Perhaps the most interesting aspect of Odyssey is the reappearance of vocalist Daniel Tompkins, who left in 2011 to focus on several other projects, such as Skyharbor, Colour, and his own solo effort, White Moth Black Butterfly. He was subsequently replaced by Elliot Coleman (2011 – 2012) and Ashe O’Hara (2012 – 2014), only to return last year. Naturally, Tompkins thanks the audience for welcoming him back early into the set, and he continues showing gratitude throughout the evening, which helps show how humble he is.
Expectedly, much of Odyssey focuses on the four suites that make up Altered State. For instance, “Singularity” (from “Of Energy”) starts things off with biting guitar riffs, soaring vocals, and in-your-face beats. Tompkins’ singing is fragile yet urgent, with an arresting sense of emotion and sleekness. Likewise, the music that surrounds him is aggressive without being too abrasive, and as usual, the group shifts between intensity and subtly with exactness and elegance. Bassist Amos Williams steals the spotlight near the end with some awesome plucking trickery. Later on, the entire “Of Matter” sequence is replicated, and it’s easily a highlight of the collection since it contains some of TesseracT’s best atmospheres and melodies. Luckily, they move from one movement to the next without interruption, so that only the audience’s cheers breakup the flow. It’s a remarkable section of Odyssey.
Also on offer is the entire Concealing Fate EP (which is also TesseracT’s debut), although they recreate parts II – VI in sequence but wait until the end of the night to bring out part I. Unsurprisingly, these pieces are rougher and less vibrant than the newer inclusions, with a slightly more death metal edge. Of course, this doesn’t mean that these tracks aren’t worthwhile, as there are still plenty of hypnotic moments and displays of virtuosic musicianship. If anything, the juxtaposition of TesseracT’s oldest and newest material showcases how they’ve always be an extremely tight and ambitious outfit.

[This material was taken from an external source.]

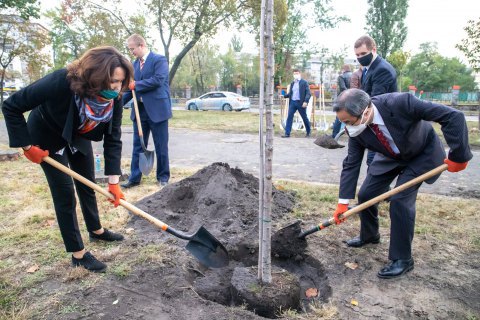 В Днепровском районе Киева появилась самая длинная аллея сакур в Украине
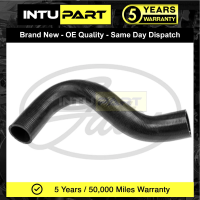 Патрубок радиатора нижний для Ford Transit 1986-2000 2.5 D / TD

Odyssey proves once again that TesseracT is just as captivating and meticulous live as it is in the studio. There’s an extraordinary level of focus, technique, and drive in both their instrumentation and narrative scopes, which adds a layer of prophetic artistry that few of their peers ever come close to. Just as on their studio efforts, the band plays its astoundingly complex arrangements with equally staggering precision and confidence, resulting in a masterful experience. Odyssey is a must own album for any fan of progressive metal, plain and simple.